Another victim of the raid, who introduced himself as Daniel, said, “They came suddenly and started beating people. We would be up to 200 when they took us to the station that night. We had to sit on ourselves in the bus. They packed us like fish in a sardine. Some of them were armed while some were not. Nigeria policemen are wicked.”
When asked if they noted the name or force number of any of the policemen, they said they could not as the policemen all wore mufti. They were also too distressed to pick the number plate of any of the buses.
The brutality of some policemen seems regular as the passing of each day. The experience of a newlywed couple in the hands of policemen attached to the Maitama police division in Abuja, the Federal Capital Territory, a few weeks ago was yet another sad tale of policemen’s inhumanity to the people they were paid to protect.
Two policemen were engaged in a fight in the public when one of them cocked his gun and started shooting sporadically. In the process, one of the bullets hit the left leg of the husband who, in company with his wife and a friend, was leaving the premises. One of the policemen was named Akpabio Daniel, while the couple had only been married for two months.
As of today, the leg had been amputated, while the man had been confined to the hospital bed, still writhing in pains. Even though the DPO of Maitama police station where the policemen are attached to, gave N150,000 to the family for treatment, the wife of the victim said they had spent over N1.6m on hospital bills.
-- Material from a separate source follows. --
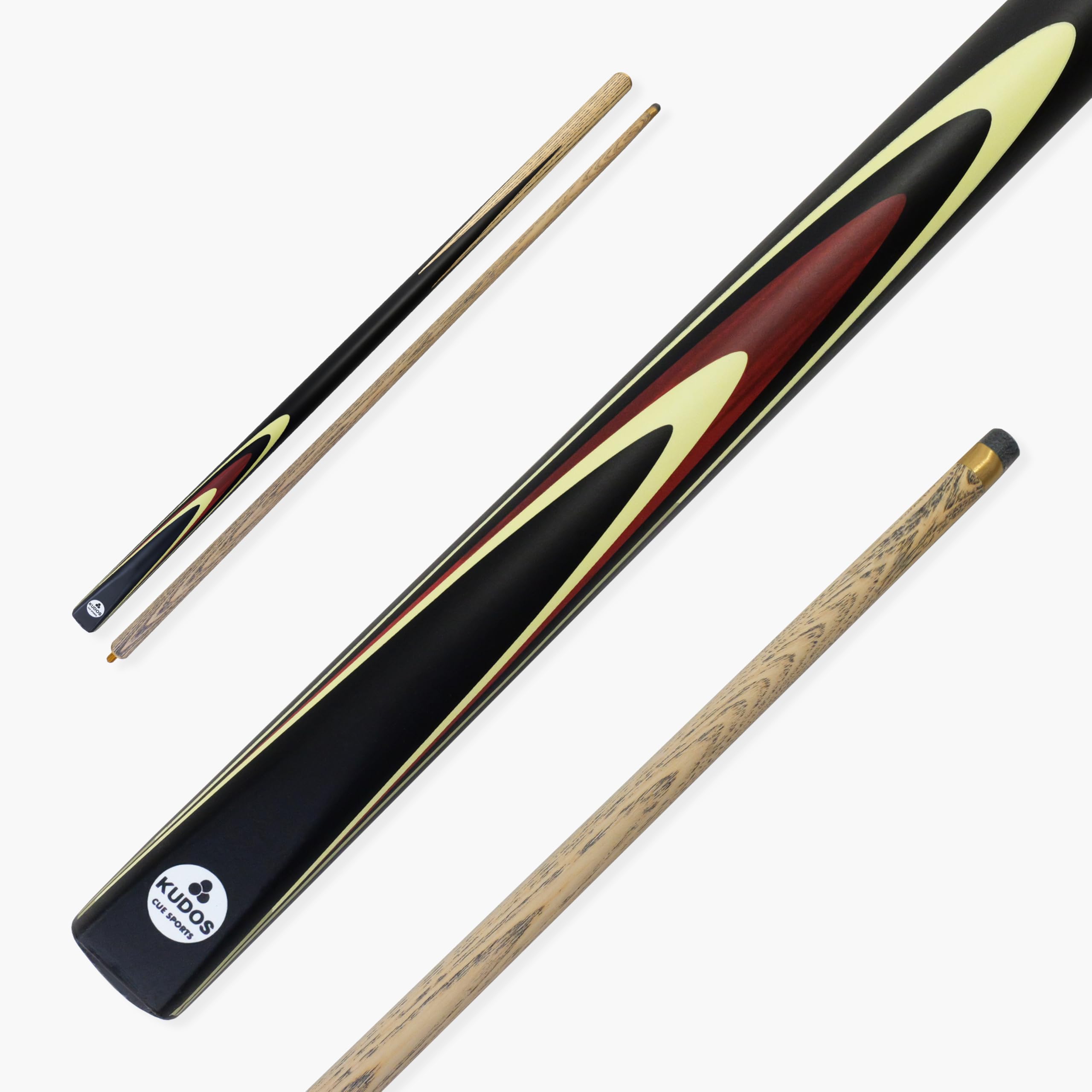 KUDOS Classic Range 57 Inch Heavy Weight 2 Piece Centre Joint Traditional Ash Snooker Pool Cue with 10mm Tip 20oz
As of today, the FCT Police PRO, Anjuguri Manzah, said the policeman who fired the shot had been arrested and that investigation had been ongoing since then. Nothing had been said about the shooter or what the police would do for the victim, who has lost his leg.
When contacted about the raid at Ogba, the Police Public Relations Officer in Lagos State, Olarinde Famous-Cole, said the police carry out raids from time to time based on complaints and intelligence reports, but that their men had been warned not to harass innocent persons in the process.
He said the DPO of the station pointed out to him that a lot of complaints, bordering on armed robbery, were received from the residents in the area raided by the policemen from the station.
“He confirmed that they raided those black spots and that since that raid, they had not received any such negative report again. He said there was no form of assault and that among the men arrested were screened, some were released while some were further interrogated.”